Imagining India in Modern China: Literary Decolonization and the Imperial Unconscious, 1895–1962

Speaker: Gal Gvili
Venue: Hosted via Zoom
Date & Time:
2022-11-18 | 21:00-22:30 (Shanghai)
2022-11-18 | 8:00-9:30 (New York)
2022-11-18 | 17:00-18:30 (Abu Dhabi)
2022-11-18 | 13:00-14:30 (London)

Beginning in the late Qing era, Chinese writers and intellectuals looked to India in search of new literary possibilities and anticolonial solidarity. In their view, India and China shared both an illustrious past of cultural and religious exchange and a present experience of colonial aggression. These writers imagined India as an alternative to Western imperialism—a Pan-Asian ideal that could help chart an escape route from colonialism and its brutal grasp on body and mind by ushering in a new kind of modernity in Asian terms.

Gal Gvili examines how Chinese writers’ image of India shaped the making of a new literature and spurred efforts to achieve literary decolonization. She argues that multifaceted visions of Sino-Indian connections empowered Chinese literary figures to resist Western imperialism and its legacies through novel forms and genres. However, Gvili demonstrates, the Global North and its authority mediated Chinese visions of Sino-Indian pasts and futures. Often reading Indian literature and thought through English translations, Chinese writers struggled to break free from deeply ingrained imperialist knowledge structures.
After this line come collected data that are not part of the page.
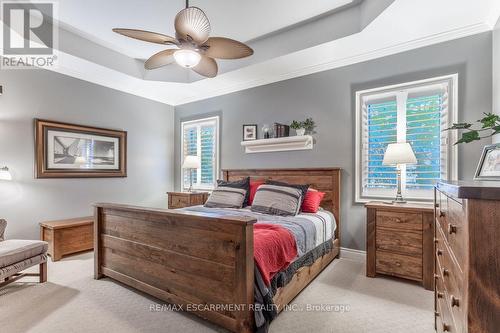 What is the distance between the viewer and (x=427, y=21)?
2566 millimetres

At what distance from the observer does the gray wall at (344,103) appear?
2643 mm

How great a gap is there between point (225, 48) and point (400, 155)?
6.93 feet

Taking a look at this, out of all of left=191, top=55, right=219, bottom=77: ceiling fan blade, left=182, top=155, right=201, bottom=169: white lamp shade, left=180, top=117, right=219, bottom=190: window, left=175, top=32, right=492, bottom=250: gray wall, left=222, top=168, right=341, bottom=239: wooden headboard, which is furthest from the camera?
left=180, top=117, right=219, bottom=190: window

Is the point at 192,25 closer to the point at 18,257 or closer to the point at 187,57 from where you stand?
the point at 187,57

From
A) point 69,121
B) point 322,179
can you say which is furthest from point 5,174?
point 322,179

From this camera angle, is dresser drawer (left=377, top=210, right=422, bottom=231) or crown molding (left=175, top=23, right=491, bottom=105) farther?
crown molding (left=175, top=23, right=491, bottom=105)

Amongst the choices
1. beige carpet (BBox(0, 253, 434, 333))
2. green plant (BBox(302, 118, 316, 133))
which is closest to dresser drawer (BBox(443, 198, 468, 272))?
beige carpet (BBox(0, 253, 434, 333))

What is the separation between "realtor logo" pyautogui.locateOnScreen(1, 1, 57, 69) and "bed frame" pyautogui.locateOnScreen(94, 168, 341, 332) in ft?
7.57

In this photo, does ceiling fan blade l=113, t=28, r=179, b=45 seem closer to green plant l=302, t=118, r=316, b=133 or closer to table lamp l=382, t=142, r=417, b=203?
green plant l=302, t=118, r=316, b=133

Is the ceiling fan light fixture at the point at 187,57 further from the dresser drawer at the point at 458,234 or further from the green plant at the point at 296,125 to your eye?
the dresser drawer at the point at 458,234

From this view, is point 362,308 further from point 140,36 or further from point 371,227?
point 140,36

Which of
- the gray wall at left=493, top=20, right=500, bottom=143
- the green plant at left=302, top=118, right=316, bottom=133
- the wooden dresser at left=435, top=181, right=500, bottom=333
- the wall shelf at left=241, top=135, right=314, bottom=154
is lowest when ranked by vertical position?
the wooden dresser at left=435, top=181, right=500, bottom=333

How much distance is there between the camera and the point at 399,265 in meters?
2.62

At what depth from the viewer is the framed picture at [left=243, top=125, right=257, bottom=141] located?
421 cm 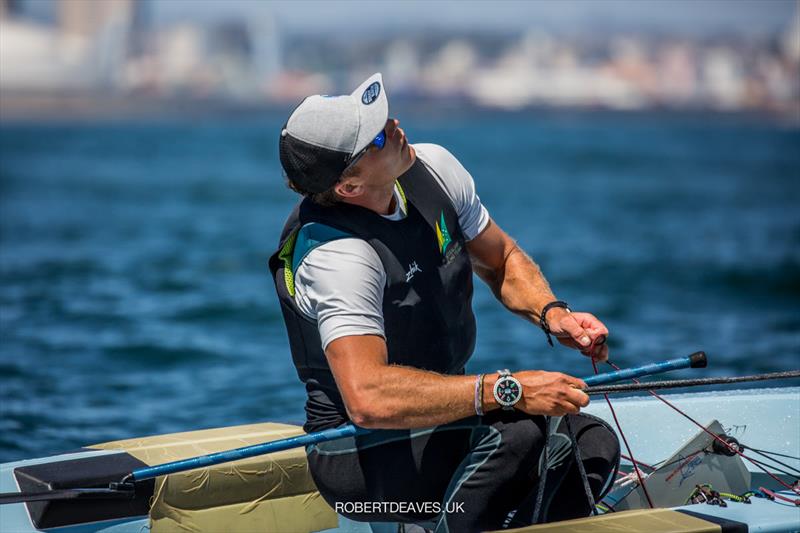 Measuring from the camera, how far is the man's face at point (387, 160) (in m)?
2.78

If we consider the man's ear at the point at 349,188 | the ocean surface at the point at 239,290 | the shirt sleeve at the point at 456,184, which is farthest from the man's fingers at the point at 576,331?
the ocean surface at the point at 239,290

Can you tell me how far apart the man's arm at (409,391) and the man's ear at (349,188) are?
40 cm

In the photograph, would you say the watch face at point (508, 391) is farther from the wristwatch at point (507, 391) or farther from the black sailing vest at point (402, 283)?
the black sailing vest at point (402, 283)

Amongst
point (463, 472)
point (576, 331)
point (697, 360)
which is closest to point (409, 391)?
point (463, 472)

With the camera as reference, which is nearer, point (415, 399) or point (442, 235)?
point (415, 399)

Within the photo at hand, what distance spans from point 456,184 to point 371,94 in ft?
1.71

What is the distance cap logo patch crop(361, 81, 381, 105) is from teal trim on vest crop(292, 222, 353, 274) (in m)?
0.34

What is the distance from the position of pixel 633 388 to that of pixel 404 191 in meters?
0.83

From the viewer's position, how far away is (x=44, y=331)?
420 inches

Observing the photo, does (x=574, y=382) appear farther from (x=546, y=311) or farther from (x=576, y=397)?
(x=546, y=311)

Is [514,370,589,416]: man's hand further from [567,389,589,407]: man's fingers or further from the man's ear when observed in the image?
the man's ear

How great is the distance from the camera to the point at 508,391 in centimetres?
269

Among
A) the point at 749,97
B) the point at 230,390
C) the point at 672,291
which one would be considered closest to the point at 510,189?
the point at 672,291

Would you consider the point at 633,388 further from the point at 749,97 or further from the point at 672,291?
the point at 749,97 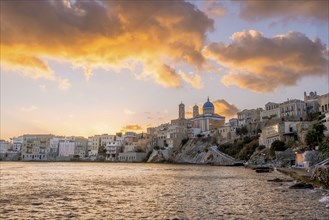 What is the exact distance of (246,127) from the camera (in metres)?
130

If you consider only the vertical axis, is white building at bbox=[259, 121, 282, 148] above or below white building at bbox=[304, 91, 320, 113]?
below

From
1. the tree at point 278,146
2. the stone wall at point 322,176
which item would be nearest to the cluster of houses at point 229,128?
the tree at point 278,146

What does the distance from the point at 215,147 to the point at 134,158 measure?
55.7 m

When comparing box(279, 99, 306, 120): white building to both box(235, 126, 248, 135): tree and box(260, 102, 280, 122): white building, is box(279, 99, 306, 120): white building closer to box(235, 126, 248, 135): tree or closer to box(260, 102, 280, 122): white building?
box(260, 102, 280, 122): white building

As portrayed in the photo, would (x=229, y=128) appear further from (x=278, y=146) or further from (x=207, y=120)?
(x=278, y=146)

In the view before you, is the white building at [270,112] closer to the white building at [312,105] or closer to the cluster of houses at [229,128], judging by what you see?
the cluster of houses at [229,128]

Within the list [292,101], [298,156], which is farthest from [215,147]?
[298,156]

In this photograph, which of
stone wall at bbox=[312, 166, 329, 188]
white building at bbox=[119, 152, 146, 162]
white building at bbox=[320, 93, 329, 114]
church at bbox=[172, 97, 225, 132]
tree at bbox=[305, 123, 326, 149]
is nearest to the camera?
stone wall at bbox=[312, 166, 329, 188]

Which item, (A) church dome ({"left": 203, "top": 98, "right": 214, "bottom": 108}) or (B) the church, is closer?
(B) the church

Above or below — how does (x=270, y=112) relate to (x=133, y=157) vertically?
above

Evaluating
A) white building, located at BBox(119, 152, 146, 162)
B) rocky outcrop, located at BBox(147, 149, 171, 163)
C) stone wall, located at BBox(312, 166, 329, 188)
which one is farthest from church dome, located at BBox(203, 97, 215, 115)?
stone wall, located at BBox(312, 166, 329, 188)

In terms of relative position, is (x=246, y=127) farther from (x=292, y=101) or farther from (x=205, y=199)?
(x=205, y=199)

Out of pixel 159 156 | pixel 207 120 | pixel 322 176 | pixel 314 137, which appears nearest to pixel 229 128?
pixel 207 120

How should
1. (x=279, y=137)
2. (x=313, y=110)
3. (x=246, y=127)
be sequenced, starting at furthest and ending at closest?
1. (x=246, y=127)
2. (x=313, y=110)
3. (x=279, y=137) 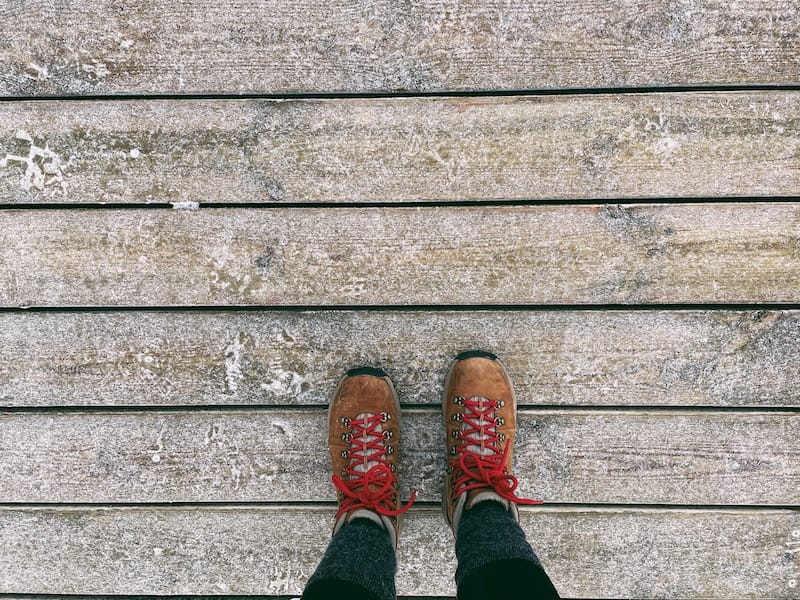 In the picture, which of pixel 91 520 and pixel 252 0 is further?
pixel 91 520

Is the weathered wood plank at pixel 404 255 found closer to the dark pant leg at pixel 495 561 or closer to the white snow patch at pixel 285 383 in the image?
the white snow patch at pixel 285 383

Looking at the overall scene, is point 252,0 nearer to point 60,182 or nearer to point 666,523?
point 60,182

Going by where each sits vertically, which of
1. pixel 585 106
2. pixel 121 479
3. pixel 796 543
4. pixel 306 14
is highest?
pixel 306 14

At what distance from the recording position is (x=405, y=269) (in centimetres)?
101

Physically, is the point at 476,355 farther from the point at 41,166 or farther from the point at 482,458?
the point at 41,166

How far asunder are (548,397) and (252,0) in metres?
1.02

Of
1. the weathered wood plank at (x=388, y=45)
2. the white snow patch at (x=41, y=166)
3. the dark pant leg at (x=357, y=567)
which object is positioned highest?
the weathered wood plank at (x=388, y=45)

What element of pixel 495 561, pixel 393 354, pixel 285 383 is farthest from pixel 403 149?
pixel 495 561

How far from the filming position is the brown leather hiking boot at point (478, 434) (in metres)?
1.00

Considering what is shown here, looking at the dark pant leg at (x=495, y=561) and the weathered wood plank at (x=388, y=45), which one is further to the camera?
the weathered wood plank at (x=388, y=45)

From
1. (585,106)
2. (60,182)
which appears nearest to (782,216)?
(585,106)

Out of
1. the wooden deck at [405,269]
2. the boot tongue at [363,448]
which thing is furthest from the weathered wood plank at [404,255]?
the boot tongue at [363,448]

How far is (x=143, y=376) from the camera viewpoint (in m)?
1.05

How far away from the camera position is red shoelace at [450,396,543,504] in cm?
100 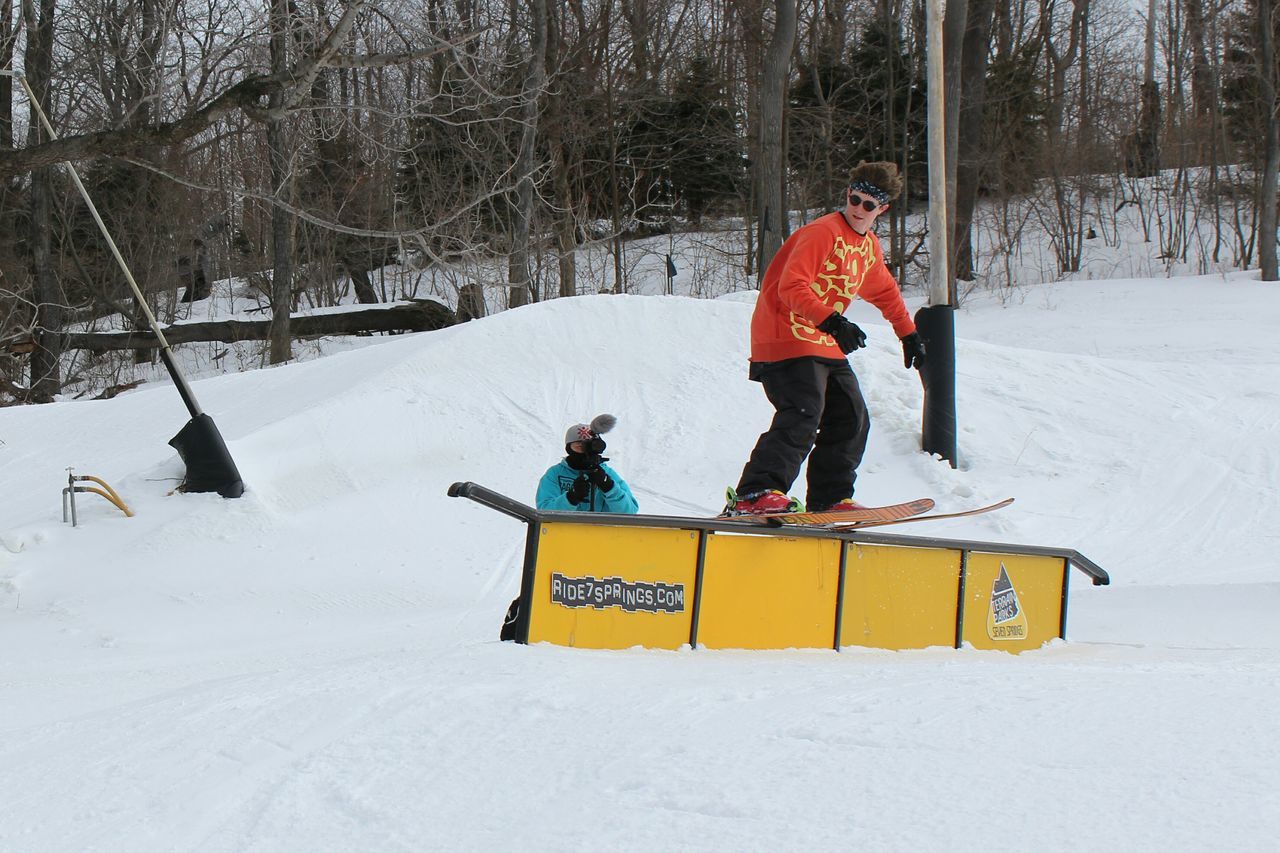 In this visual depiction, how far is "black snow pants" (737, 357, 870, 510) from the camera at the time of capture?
16.9 feet

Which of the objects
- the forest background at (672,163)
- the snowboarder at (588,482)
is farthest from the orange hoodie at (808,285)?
the forest background at (672,163)

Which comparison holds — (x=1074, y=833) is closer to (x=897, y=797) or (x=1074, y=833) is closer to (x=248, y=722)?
(x=897, y=797)

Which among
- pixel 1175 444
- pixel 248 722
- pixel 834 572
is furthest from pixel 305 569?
pixel 1175 444

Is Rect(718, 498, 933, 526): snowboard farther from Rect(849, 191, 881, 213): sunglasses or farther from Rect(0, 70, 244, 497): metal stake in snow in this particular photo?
Rect(0, 70, 244, 497): metal stake in snow

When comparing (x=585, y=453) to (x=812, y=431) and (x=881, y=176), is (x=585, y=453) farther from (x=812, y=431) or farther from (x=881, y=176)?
(x=881, y=176)

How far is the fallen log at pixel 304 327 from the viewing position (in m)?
23.1

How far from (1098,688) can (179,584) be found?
6136mm

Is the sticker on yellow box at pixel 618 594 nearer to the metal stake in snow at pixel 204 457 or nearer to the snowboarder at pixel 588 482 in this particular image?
the snowboarder at pixel 588 482

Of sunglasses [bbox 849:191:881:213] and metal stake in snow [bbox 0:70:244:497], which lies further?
metal stake in snow [bbox 0:70:244:497]

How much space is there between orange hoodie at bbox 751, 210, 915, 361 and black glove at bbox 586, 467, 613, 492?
1.02 meters

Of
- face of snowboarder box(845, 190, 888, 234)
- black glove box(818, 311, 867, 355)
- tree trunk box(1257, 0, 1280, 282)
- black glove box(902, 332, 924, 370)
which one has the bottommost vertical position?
black glove box(902, 332, 924, 370)

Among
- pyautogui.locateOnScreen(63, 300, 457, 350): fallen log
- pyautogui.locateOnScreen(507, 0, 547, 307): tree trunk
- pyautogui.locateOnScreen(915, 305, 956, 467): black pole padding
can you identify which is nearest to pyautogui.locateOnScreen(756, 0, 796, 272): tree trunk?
pyautogui.locateOnScreen(507, 0, 547, 307): tree trunk

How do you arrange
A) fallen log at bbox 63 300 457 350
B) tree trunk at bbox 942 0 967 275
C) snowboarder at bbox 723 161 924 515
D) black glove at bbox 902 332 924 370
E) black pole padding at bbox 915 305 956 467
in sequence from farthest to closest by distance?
fallen log at bbox 63 300 457 350
tree trunk at bbox 942 0 967 275
black pole padding at bbox 915 305 956 467
black glove at bbox 902 332 924 370
snowboarder at bbox 723 161 924 515

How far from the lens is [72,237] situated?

Imagining India in Modern China traces one of the earliest South-South literary imaginaries: the hopes it inspired, the literary rejuvenation it launched, and the shadow of the North that inescapably haunted it. By unearthing Chinese writers’ endeavors to decolonize literature and thought as well as the indelible marks that imperialism left on their minds, it offers new perspective on the possibilities and limitations of anticolonial movements and South-South solidarity.

Gal Gvili studies and teaches modern and contemporary Chinese literature. Her articles have appeared or are forthcoming in The Journal of Asian Studies, Religions, Comparative Literature Studies, China and Asia: A Journal in Historical Studies and the edited volume Beyond Pan-Asianism: Connecting China and India 1840s-1860s. Her book Imagining India in Modern China: Literary Decolonization and the Imperial Unconscious, 1895-1962 (Columbia University Press, 2022) examines how the image of India, in particular, Chinese writers’ multifaceted visions of Sino-Indian connections, shaped the making of a new literature in the twentieth century.

Introduction by Adhira Mangalagiri, Lecturer in Comparative Literature, Queen Mary University of London.